Perangkap Teknologi Untuk Berbicara Membutuhkan Tol

Survei Harris Interactive baru-baru ini untuk Whitepages.com merilis temuan tentang mode komunikasi apa yang paling terbuka untuk kesalahpahaman. Tidak mengherankan, 80% orang dewasa merasa

paling mudah salah menafsirkan nada email. Tujuh puluh delapan persen menganggap pesan teks menyesatkan, sementara 71% juga bisa menunda dengan huruf. Pertimbangkan ini: semua mode ini datar, genre satu sisi yang memungkinkan pembaca untuk memasukkan apa saja ke dalam campuran.

Dalam dunia sibuk kita yang gila, seberapa sering kita secara otomatis menekan tombol kirim dan langsung menyesali tindakan itu? Atau bagaimana dengan kesalahan penggunaan huruf besar dan teknologi dalam krisis pembaca mengira dia diteriaki? Selain itu, karena terburu-buru memberikan tanggapan dan singkat, pesan satu baris dapat dianggap singkat, kasar, dan sering kali menghasut. Tidak mengherankan bahwa email mungkin juga berarti eskalasi dan kesalahan.

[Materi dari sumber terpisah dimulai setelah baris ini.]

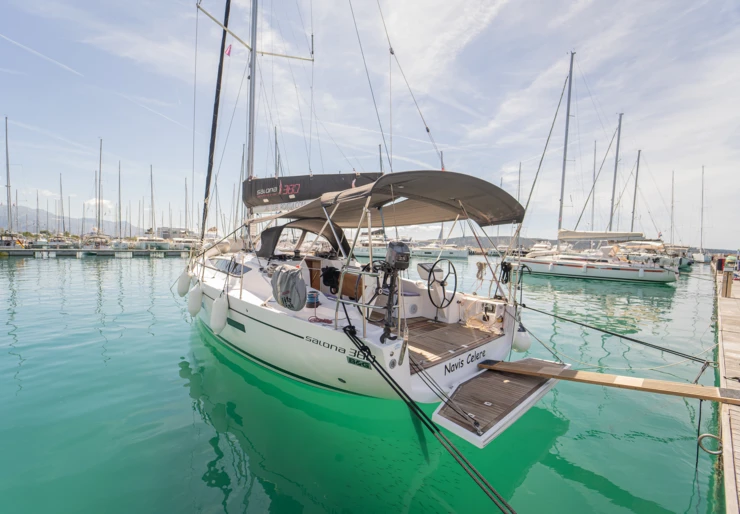 Salona 380 Marina Kastela | Navis Celere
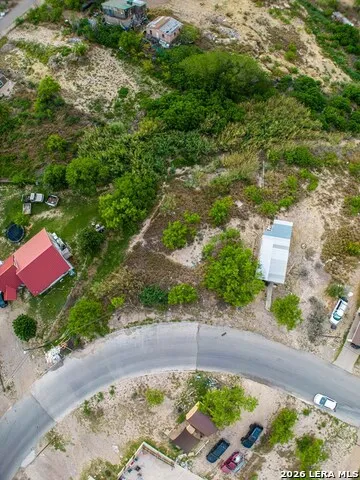 1928 Vista Bonita Dr. Eagle Pass, TX 78852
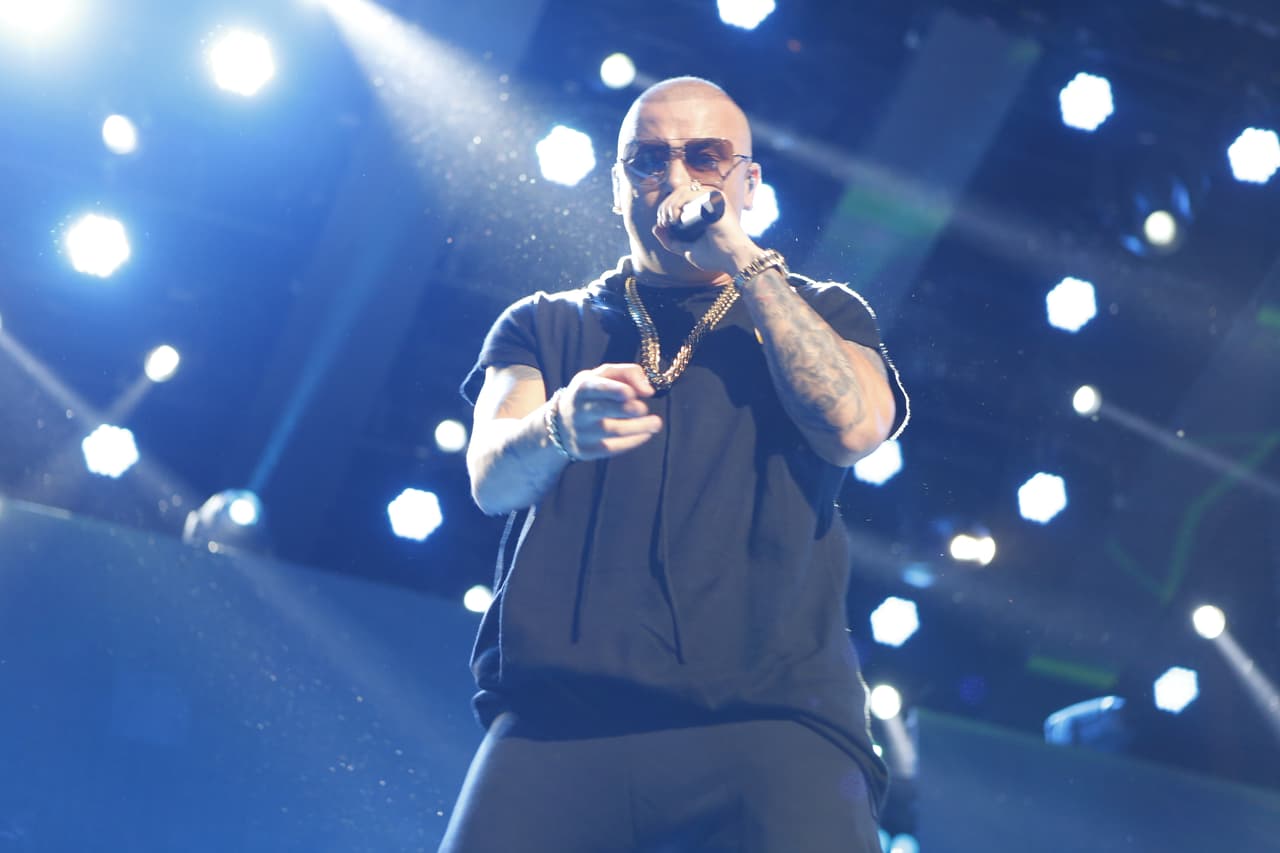 Wisin empezó el show cantando 'Que Vive La Vida'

Kata-kata hanya itu: kata-kata. Namun dalam bahasa Inggris, nuansa infleksi verbal dan ekspresi wajah membuat semua perbedaan dalam komunikasi yang sebenarnya. Bacalah kalimat "Apa yang membuatmu sampai pada kesimpulan ini?" Versi pesan teksnya bahkan mungkin "Apakah kamu gila!" Kemungkinannya adalah Anda sudah merasakan emosi negatif saat membaca kata-kata ini. Bahkan surat-surat memiliki kemungkinan 71% untuk dibaca secara tidak benar.

Tapi mari kita tambahkan suaranya. Bayangkan Anda mendengar suara yang sangat netral di telepon yang menanyakan pertanyaan, "Apa yang pernah membuat Anda sampai pada kesimpulan ini?" Bayangkan Anda mendengarnya seolah-olah seorang konselor berbicara kepada Anda, datang dari teknologi dan media sosial tempat penyelidikan daripada tuduhan. Tanggapan Anda akan sangat berbeda. Karena alasan ini, percakapan telepon memiliki peluang 47% lebih baik untuk ditafsirkan dengan benar.

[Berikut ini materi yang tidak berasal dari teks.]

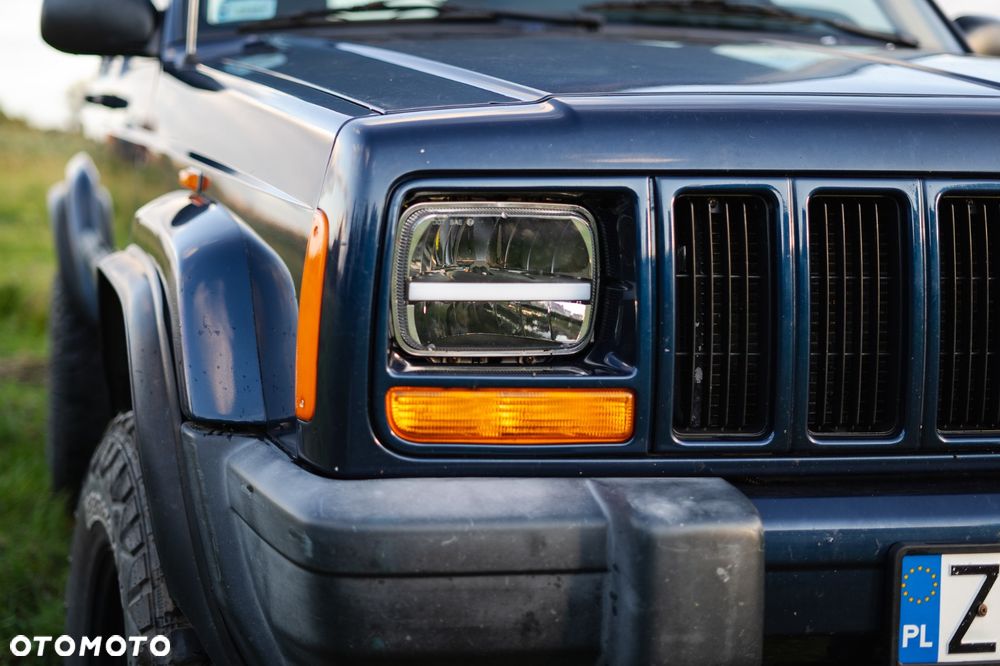 Jeep Cherokee 2.5 Sport - 3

Jadi percakapan telepon lebih baik tetapi bukan sarana komunikasi terbaik. Jumlah makna halus dan tidak terlalu halus yang dibawa oleh mata dan otot wajah sungguh menakjubkan. Saat komunikasi tatap muka digunakan, 63% percakapan dipahami dengan benar.

Dengan kemungkinan seperti ini, asumsi alaminya adalah bahwa para pemimpin dan siapa pun yang berurusan dengan pelanggan akan menghabiskan lebih banyak waktu baik dalam percakapan tatap muka atau telepon. Namun penelitian dan pengalaman konsumen menunjukkan hal yang sebaliknya.

Intinya: bicara itu tidak murah-itu tak ternilai harganya. Keunggulan kompetitif tidak harus lebih dari sekadar lonceng dan peluit pada sistem CRM atau lapisan lain dari loop malapetaka pesan suara. Untuk kali ini, yang dibutuhkan bukanlah kecanggihan, melainkan sebuah ingatan bahwa pada akhirnya, orang ingin bekerja dan membeli dari orang yang memiliki hubungan dengan mereka.

Inilah mantra paling ampuh untuk menciptakan hubungan itu: "Mulailah berbicara dan mulai bekerja!"